[Seven Stories Press; 2017]
Were the eight stories that comprise Chavisa Woods’ collection Things to Do When You’re Goth in the Country & Other Stories to be mapped, they might best be visualized as a series of Venn diagrams. In the center of each would be a word referencing an artifact of the American south, while one “wing” would describe a common cultural narrative about that artifact and the other would be a metaphysical explanation for its existence. In the center of one, for example, we might have “guns.” In the left wing we might see “paranoid allegiance to the second amendment”; in the right, “a tool that is rendered useless, indeed forgotten, upon the arrival of glowing green orbs of mysterious origin in the backyard.” In another, “meth” might be the focal point of our diagram. In this case, the left side of our diagram might say something about the abject misery of poverty, barriers to healthcare and holistic treatment, and our tendency to consider addiction a personal moral failing; in the right, we might see analysis of the drug as both a cause and escape from existing as the walking dead. Of course, the things you consider phenomena, artifacts, and narratives both true and false would come to represent different parts of the diagram, depending on your vantage point.

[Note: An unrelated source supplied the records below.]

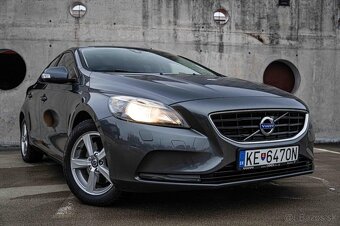 Volvo V40 T2 1.6L Momentum - 10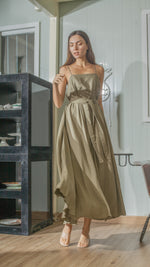 Load image into Gallery viewer, Spaghetti Strap Balloon Dress in Fatigue Green Linen
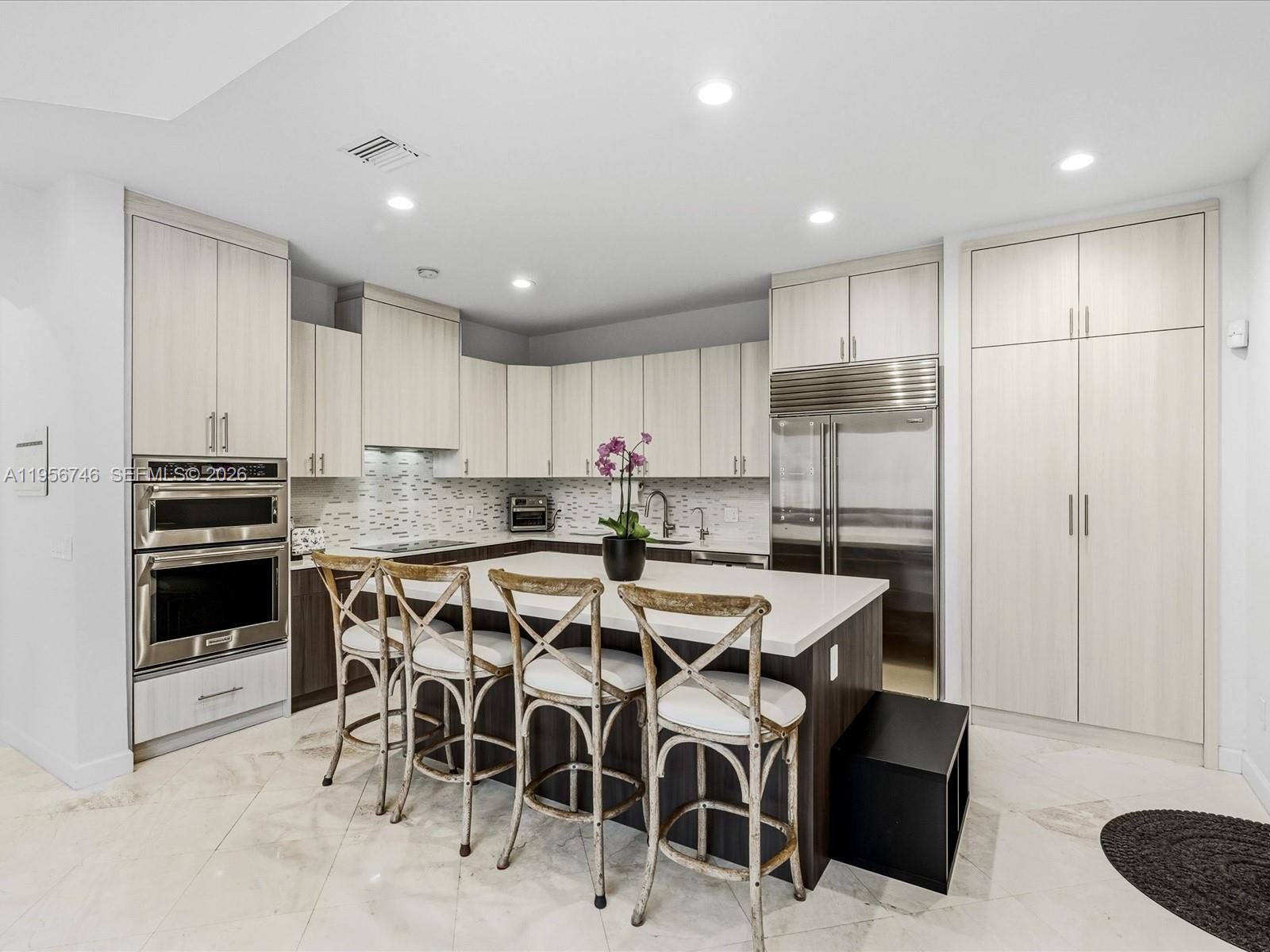 Photo of 3960 194th Trl  (3960), Sunny Isles Beach, Florida, 33160 - 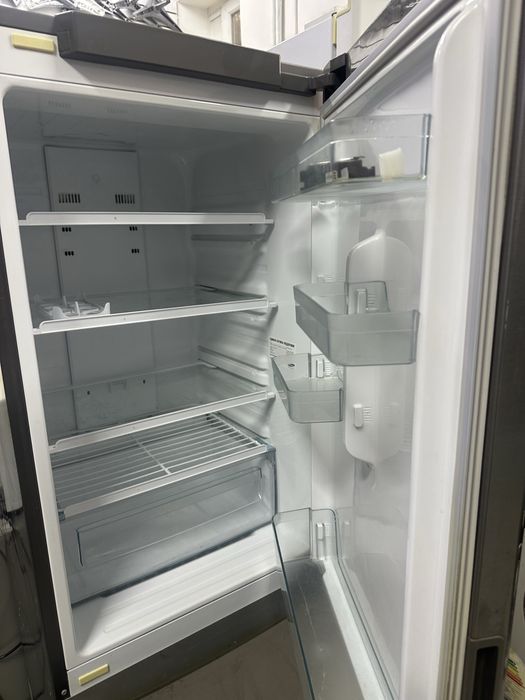 Продам холодильник Самсунг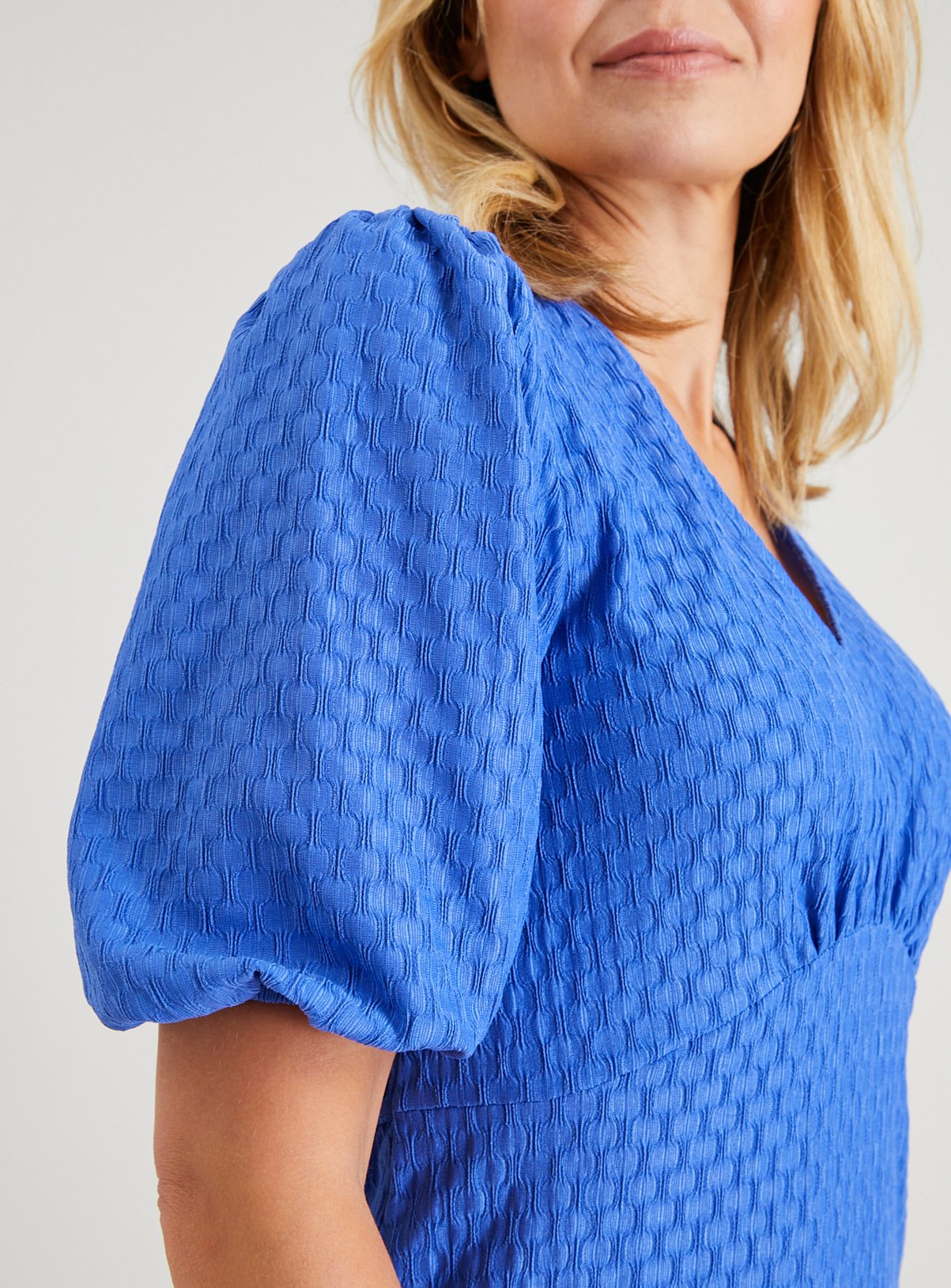 Blue Crinkle Midi Dress 26 - Image 2 thumbnail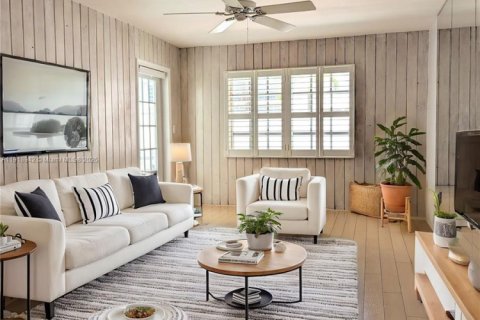 Condominio en alquiler en Key Biscayne, Florida, 1 dormitorio, 79.34 m2 № 1974376 - foto 1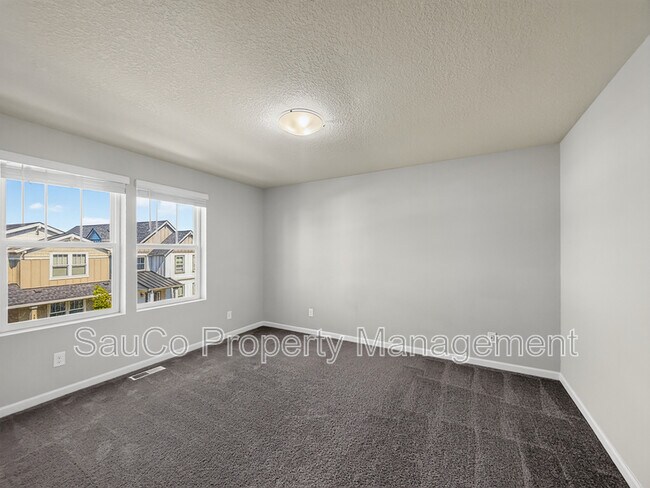 Building Photo - 3909 SE Zircon Ln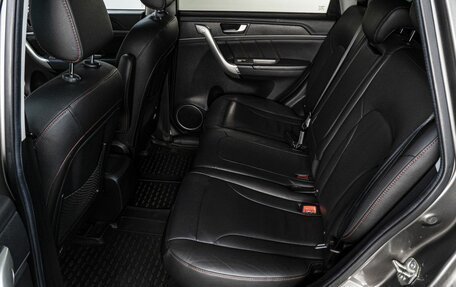 Haval H6, 2017 год, 1 350 000 рублей, 16 фотография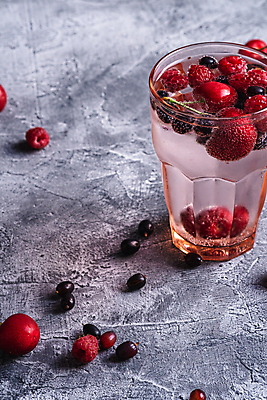 포토 JPG 해외이미지 잔 사람없음 투명 체리 탄산음료 산딸기 베리 콘크리트 탄산수 해외202009 해외포토 식기 음료 과일 물 탄산 파일형식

“The country” has always held a dominant place in the stories that America tells about itself, imbued with popular understandings of national identity, character, and history. This is certainly no less true since the 2016 presidential election, as demonstrated by the seemingly endless retrospective attempts of befuddled city dwellers to understand the motivations of white rural Trump voters. But most of these analyses take for granted too many assumptions about who rural Americans are and what life is truly like in the country to offer much insight. It is apparent that, for too many authors of these sociological investigations, their subjects are a newly emerged population that they are considering seriously for the first time. The stories of Woods’ collection are somewhat fantastical and take place pre-president Trump, against the background of the Gulf War, the Clinton and Obama administrations, yet offer a more sympathetic, interesting, and downright wacky look at small town U.S.A., reminding us that weird America has been here all along.

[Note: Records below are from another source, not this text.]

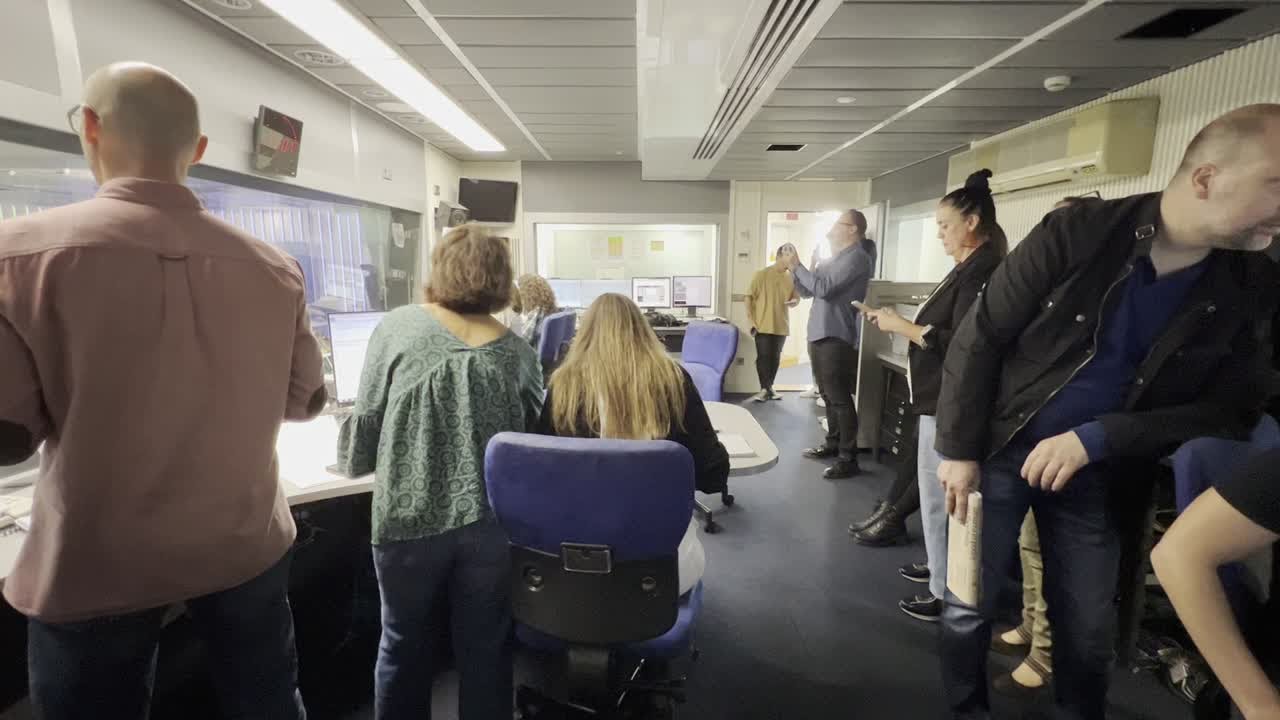 La reacción del equipo de Francino al conocer que ganaba el Ondas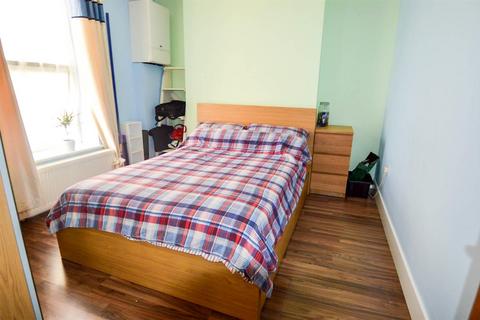 1 bedroom flat to rent - High Street, Gillingham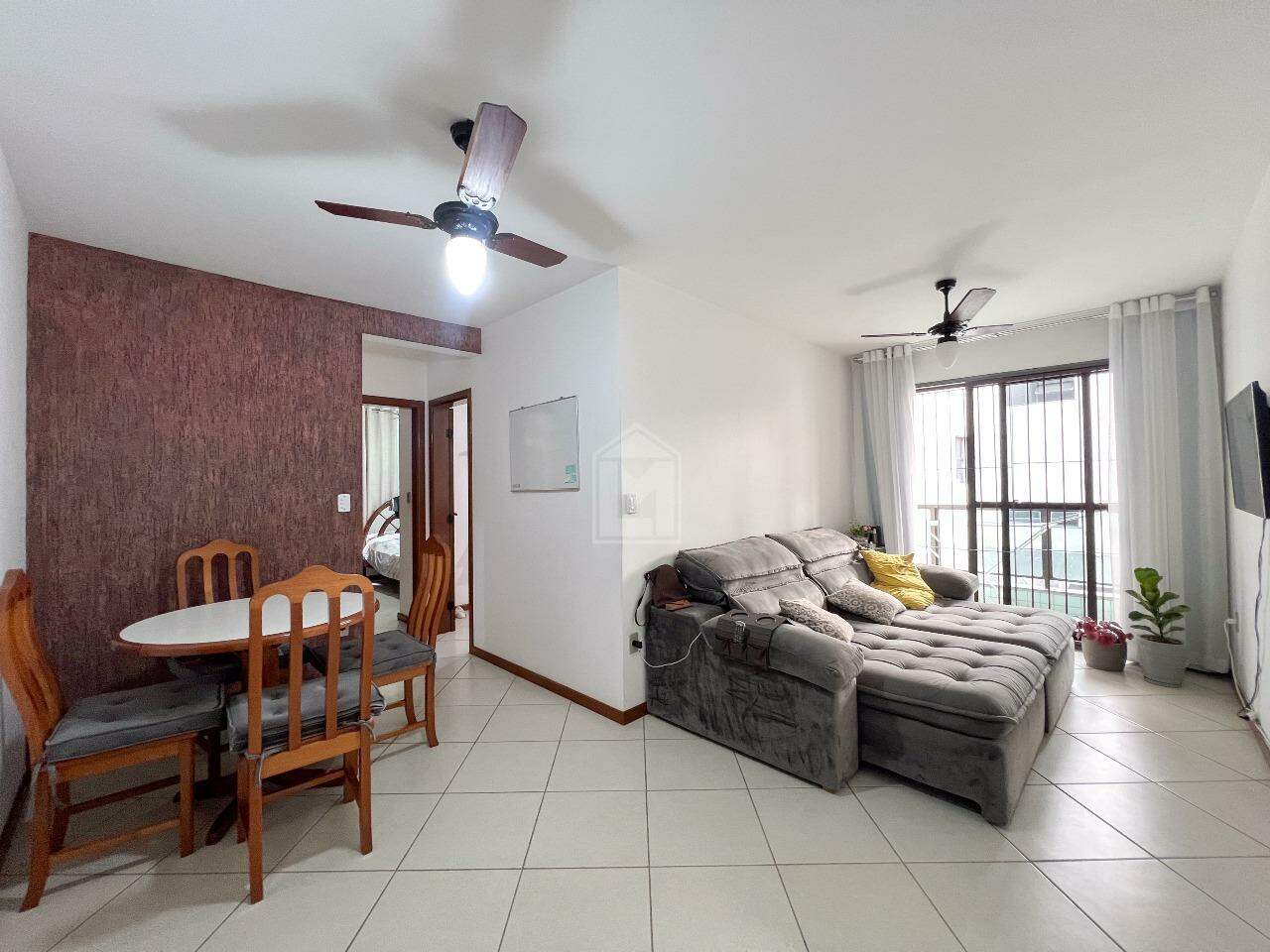 Apartamento à venda com 3 quartos, 90m² - Foto 1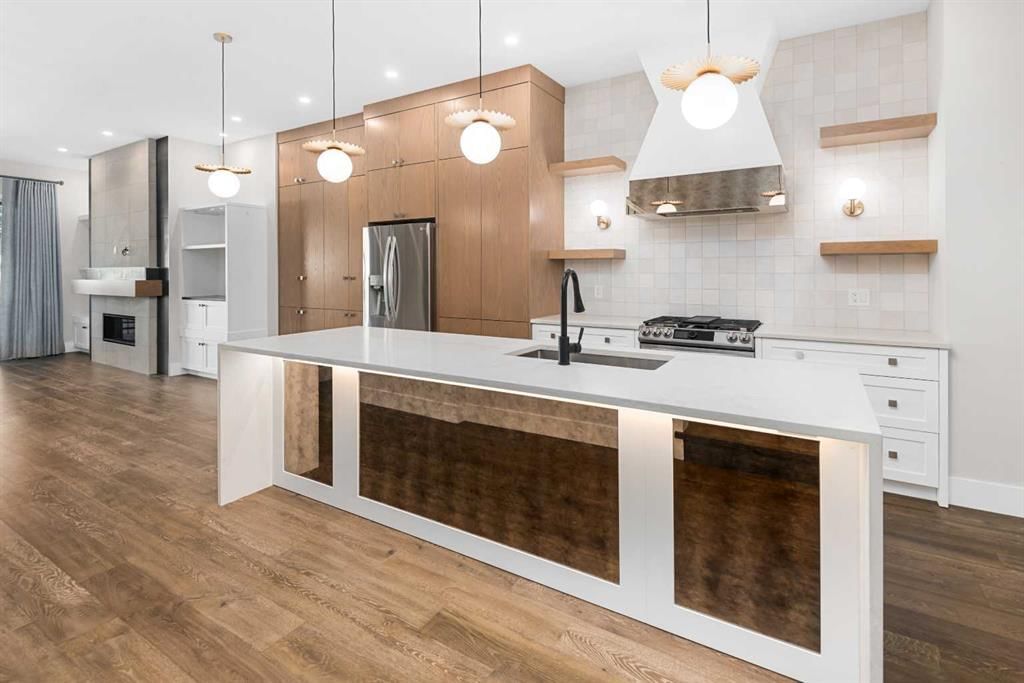 2126A 52 Avenue SW, Calgary — photo 5 of 50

Throughout these stories, Woods’ characters positions themselves as of the country, but also alien to it. It is where they are from as well as from where they have fled. They are compelled to return after swearing they never will because they were ostracized for being gay, or atheist, or simply because they look strange. Their experiences reflect a tension between dark, painful reality and the tenuous bonds that make it survivable. Her character’s perspectives, therefore, are simultaneously insightful, heartfelt, and often hilarious.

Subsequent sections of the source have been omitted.